**DATA SHOWN**
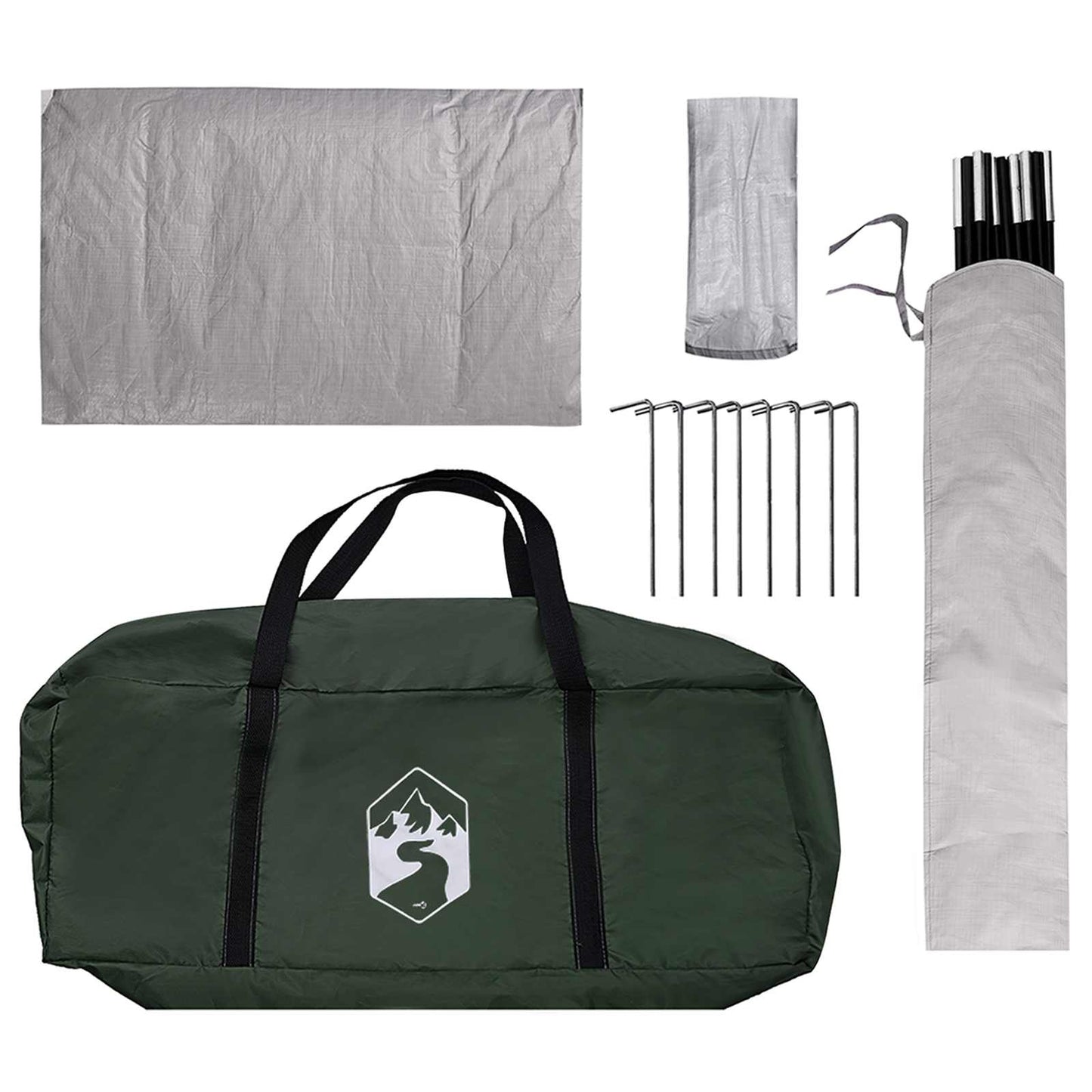 vidaXL Camping Tent with Rainfly Water-resistant 4-Person Army Green - 245 x 245 x 149 cm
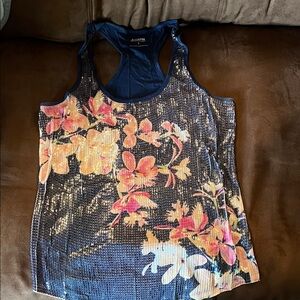 Express Navy and Peach Floral Tank Top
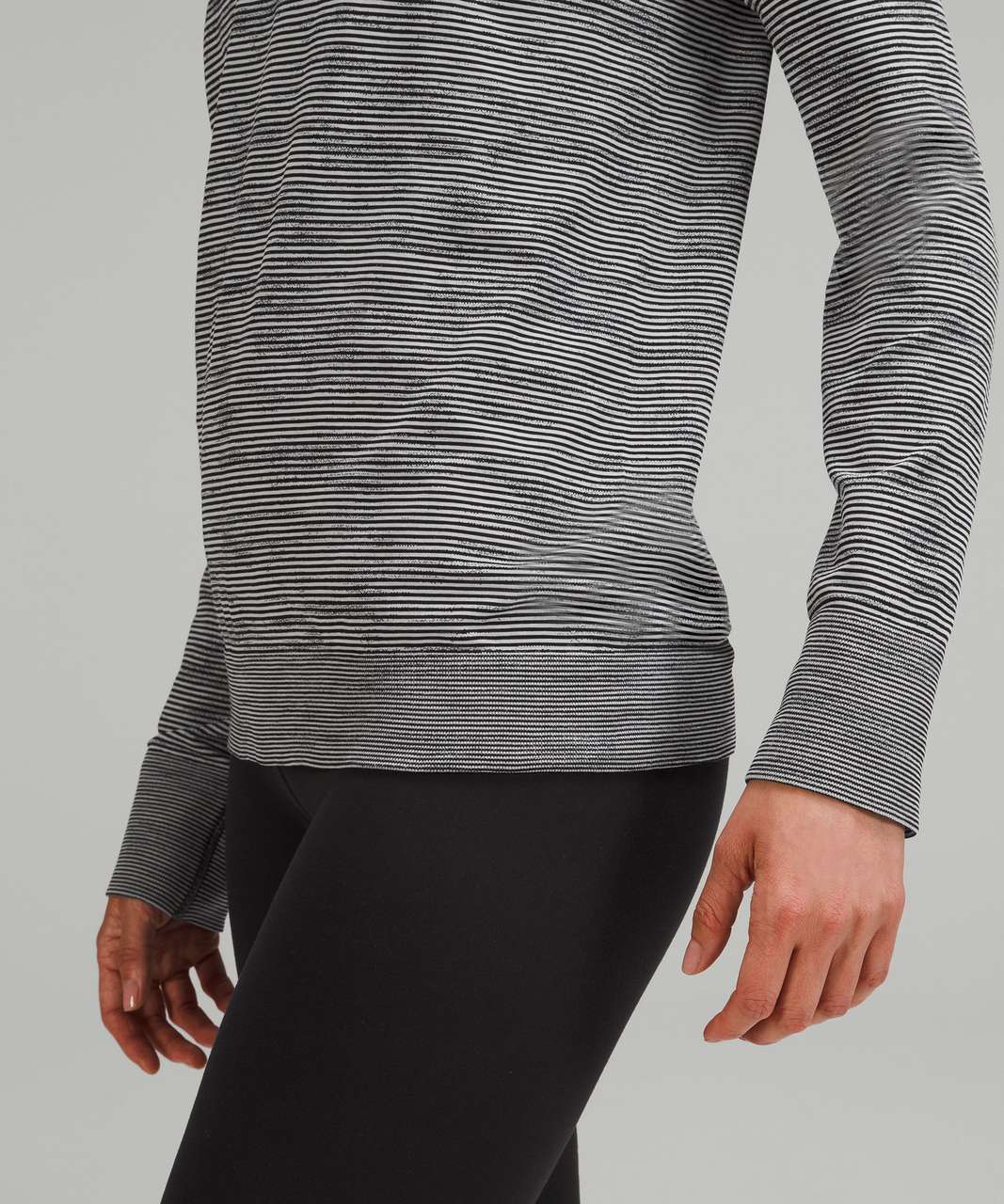 Lululemon Swiftly Relaxed-Fit Long Sleeve Shirt - Chroma Check Stripe Alpine White / Black / Grey Multi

**TASK DETAILS**
Omit the pictures and write out exactly the lines from the one containing "Express Navy and Peach Floral Tank Top" through the last line of the material.

**SOLUTION TO THIS PROBLEM**
 Express Navy and Peach Floral Tank Top
 Lululemon Swiftly Relaxed-Fit Long Sleeve Shirt - Chroma Check Stripe Alpine White / Black / Grey Multi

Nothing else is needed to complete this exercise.